#### [Task details]
Omit every picture, then return each line of the data below exactly.
***** Data below
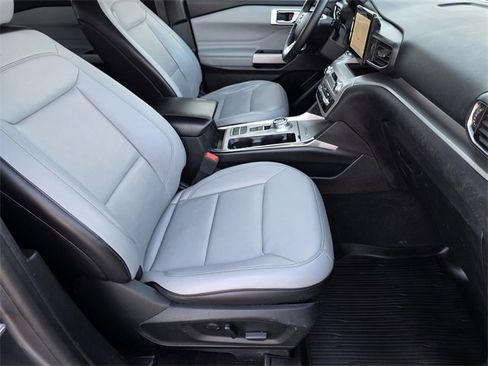 Used 2021 Ford Explorer XLT w/ Equipment Group 202A image 15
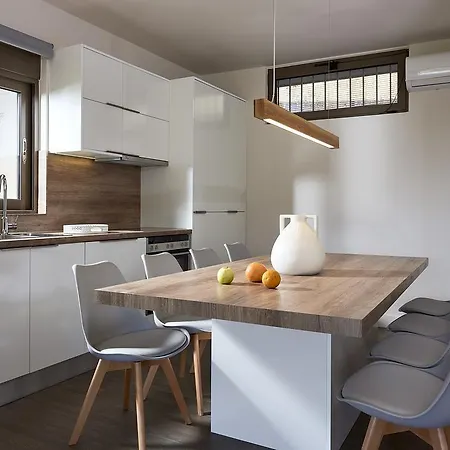 Elaia Luxury Apartmán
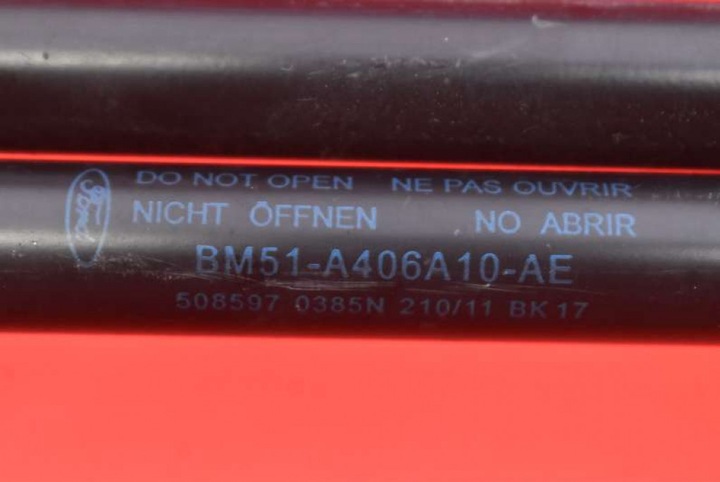 фото №6, Амортизатор приводы крышки bm51-a406a10-ae ford focus mk3 5d hb 11-15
**********
#### [Task output]
 Used 2021 Ford Explorer XLT w/ Equipment Group 202A image 15
 Elaia Luxury Apartmán
 фото №6, Амортизатор приводы крышки bm51-a406a10-ae ford focus mk3 5d hb 11-15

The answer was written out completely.